### Task directions
Your task is to copy the listing exactly, with the pictures left out.

=== Dataset section ===

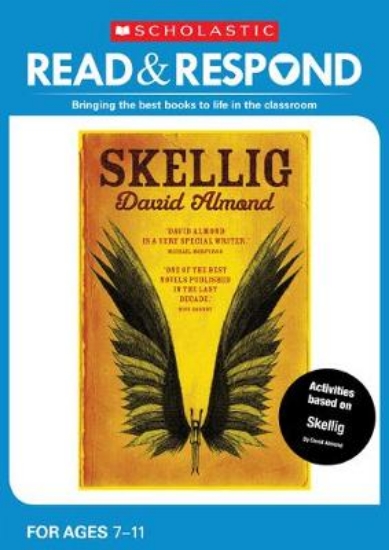 Picture of Skellig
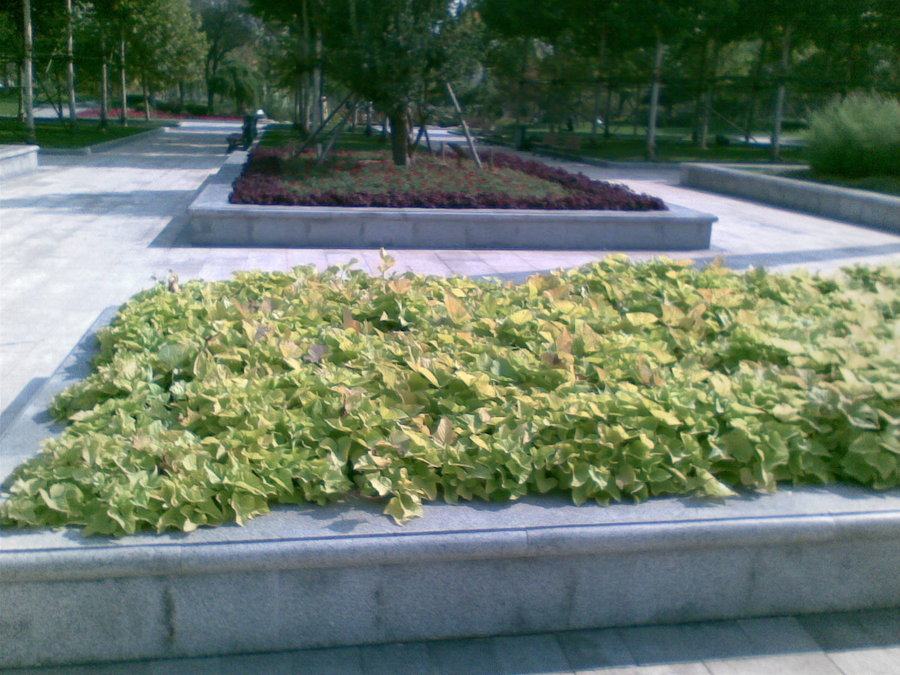 20111018.jpg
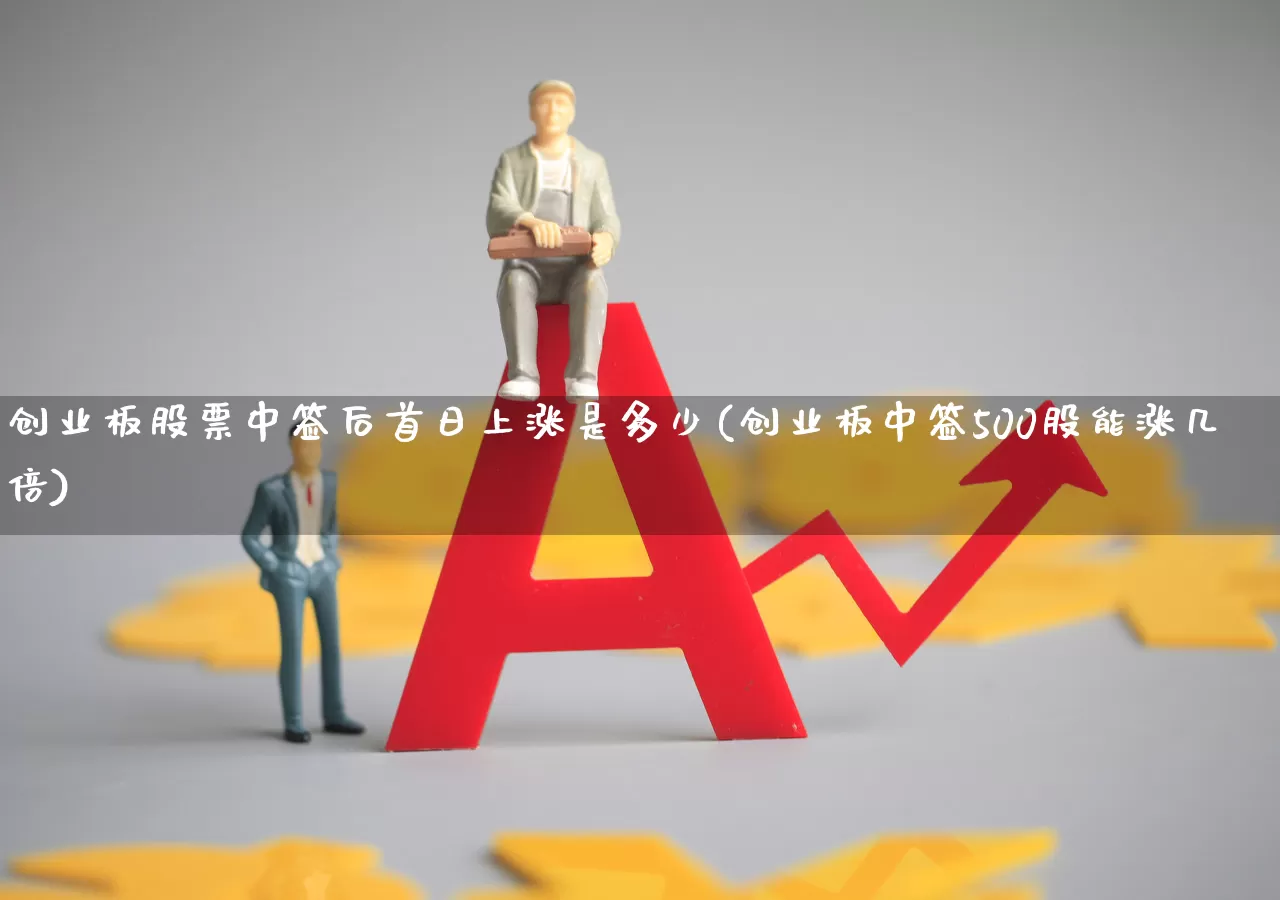 创业板股票中签后首日上涨是多少(创业板中签500股能涨几倍)_https://www.wanyuyiyao.com_上交所_第1张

===

### Result
 Picture of Skellig
 20111018.jpg
 创业板股票中签后首日上涨是多少(创业板中签500股能涨几倍)_https://www.wanyuyiyao.com_上交所_第1张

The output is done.